There is also the use we never notice: Digital content can be reused and repurposed, too, because digital objects are malleable. The fact that digital systems are eminently countable makes it possible to quantify activity, and from there, to compare and predict varieties of activity.

All of this use creates context and emerges from context, so librarians need to be readers and watchers of this activity. Sensitive to emerging trends, developing practice, and disruptive invention. That’s a lot! And that’s very heady stuff! And I like to go home and have hobbies and things! The good news is that we are the profession that is best at converting philosophical imponderables into practical work.

I have a joke, that the philosopher says to the librarian, “How shall we ever understand the extent of all knowledge, and how every idea relates to every other idea?”

And the librarians says, “well, we’ll need some 3×5 cards.”

LEARNING HOW TO LEARN

There is a great deal of information and advice that supports digital preservation. It can be overwhelming to encounter all of this, so I find it useful to remember that all the frameworks, acronyms, standards, and clever ideas in digital preservation come together around the Open Archival Information System reference model, which manages the neat trick of being a detailed yet generic description of how preservation happens.
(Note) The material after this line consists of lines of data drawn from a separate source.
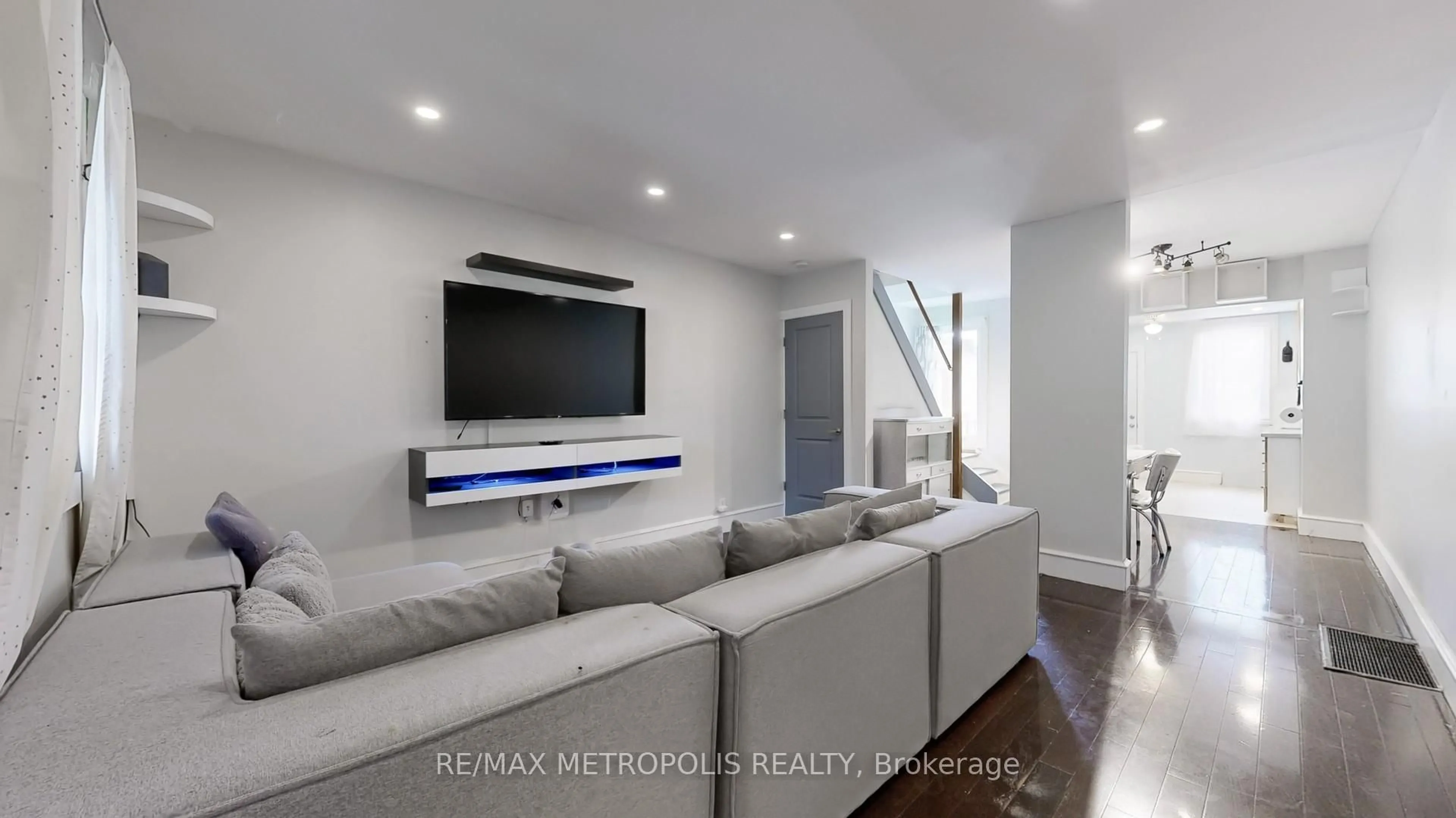 Home theater for 179 Coleman Ave, Toronto Ontario M4C 1P9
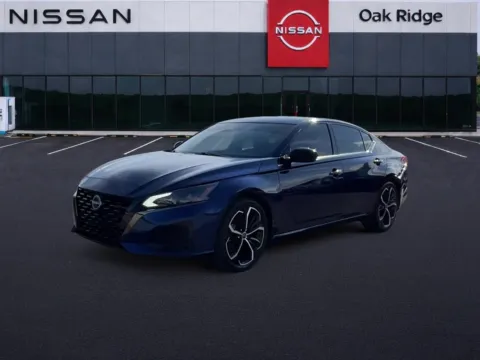 More photos of 2023 NISSAN ALTIMA SR 2.5 SR at Oak Ridge Nissan, TN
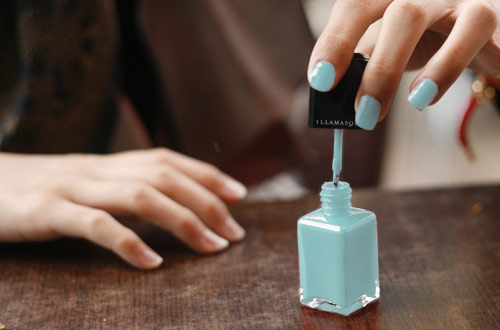 Our 5 Favorite Pastel Nail Polish Shades For Spring College Fashion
The best question to ask as you encounter new ideas in digital preservation, and as you prepare to work on digital projects yourself, is how a particular approach is trying to get to OAIS compliance. Some guidance is ground-up. It pertains to how to make good digital objects, how to select and set up software for a repository, how to create useful metadata, or how to make sure the archive works as you expected. Some guidance is given from the sky on down, helping to determine what you need to do next, how you’ll finance the operation, what to do as changes come along, who’s in charge, and when will the stuff that works today stop working quite as well.
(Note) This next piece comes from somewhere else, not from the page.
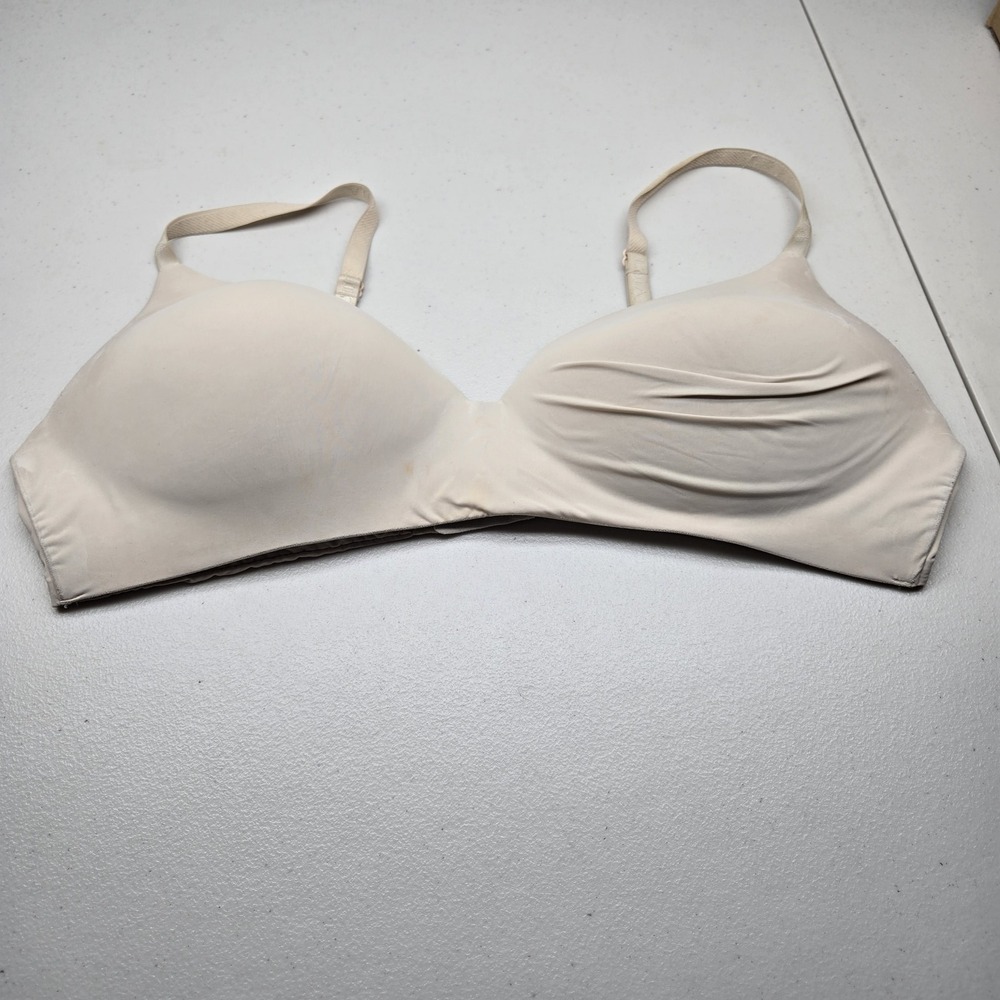 Victoria's Secret Women Bra 40D Beige T Shirt Wireless Lightly Lined READ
Decide which way you’re going, and remember that one person can only successfully go in one direction at any one time.

Trying to set up a digitization lab based on the Report of the Blue Ribbon Task Force on Sustainable Digital Preservation and Access will be frustrating. Trying to develop a viable financial model for your digital library based on the format guidelines from Library of Congress won’t work. Your library needs to work on digital preservation from both directions, but you need to work on it from one direction. Or, for those of you who run the whole operation solo, at least from one direction at a time.

I think the heart of preservation is sustainable activities, optimized over time. Preservation works when an institution can understand what it is doing well and poorly, and gradually shift that balance to the good. That means there are lots of things that can wait until next week, next year, even until the next person takes the job. You know the phrase “the perfect is the enemy of the good,” I’m sure, but in preservation, I would remind you that while the “bad is also the enemy of the good,” the real ally of the good is the somewhat better today than yesterday, because…

With nothing done, countless problems
With one thing done, only thousands
With a few things done, merely hundreds
With a couple projects under your belt,
there will only be a few dozen problems left
…this year.

I have been working on preservation for about15 years now, and it’s easy to list the things I still need to get done. So if I may give one piece of outright personal advice, it is this: preservation librarians do not succeed by calling a halt to all of the bad stuff. We succeed by finding safer, easier ways for the library to do its work.

There are lots of problems to solve in preservation, but with the training you get this week, those problems will move out of the realm of insurmountable challenges, blatant goofs, and mysterious malfunctions, and show themselves to be knowable and manageable risks. And most importantly, as mistakes get made and surprises come along, you’ll have friends who you can call for help

 — — —

 * Affordances are, briefly, the activities that are enabled by a tool. I opine that the key question for libraries right now is how to align the affordances of various media with the key activities of each movement of a research or creative process.